DATA TO PROCESS:
++++++++
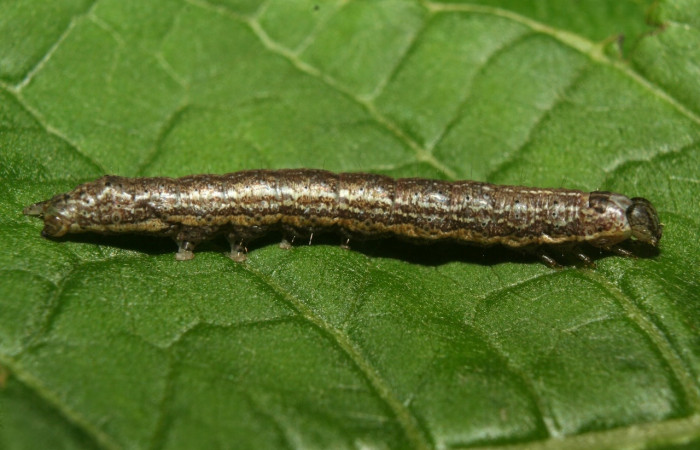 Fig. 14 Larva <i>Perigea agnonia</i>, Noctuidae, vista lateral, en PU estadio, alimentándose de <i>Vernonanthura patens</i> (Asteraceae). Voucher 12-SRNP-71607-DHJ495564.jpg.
++++++++
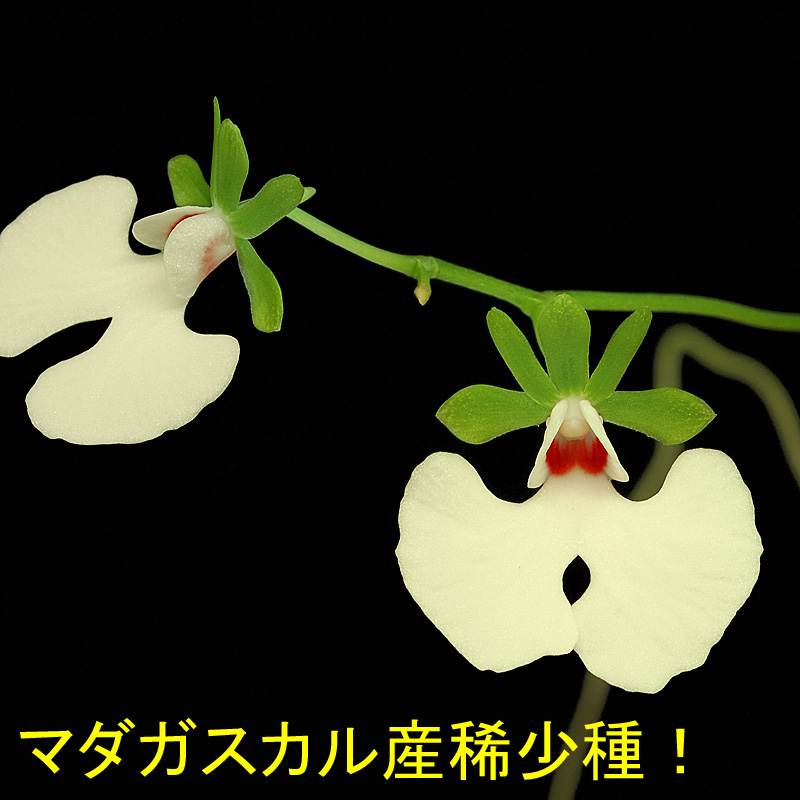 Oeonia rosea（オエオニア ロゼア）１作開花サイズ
++++++++
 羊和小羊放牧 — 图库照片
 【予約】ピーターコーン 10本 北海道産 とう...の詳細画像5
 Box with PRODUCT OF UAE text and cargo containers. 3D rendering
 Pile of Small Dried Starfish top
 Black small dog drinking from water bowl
++++++++
TASK TO COMPLETE:
From the records above, print exactly the lines that run from the line with "羊和小羊放牧 — 图库照片" to the line with "Black small dog drinking from water bowl", inclusive.

RESULT OF THIS TASK:
 羊和小羊放牧 — 图库照片
 【予約】ピーターコーン 10本 北海道産 とう...の詳細画像5
 Box with PRODUCT OF UAE text and cargo containers. 3D rendering
 Pile of Small Dried Starfish top
 Black small dog drinking from water bowl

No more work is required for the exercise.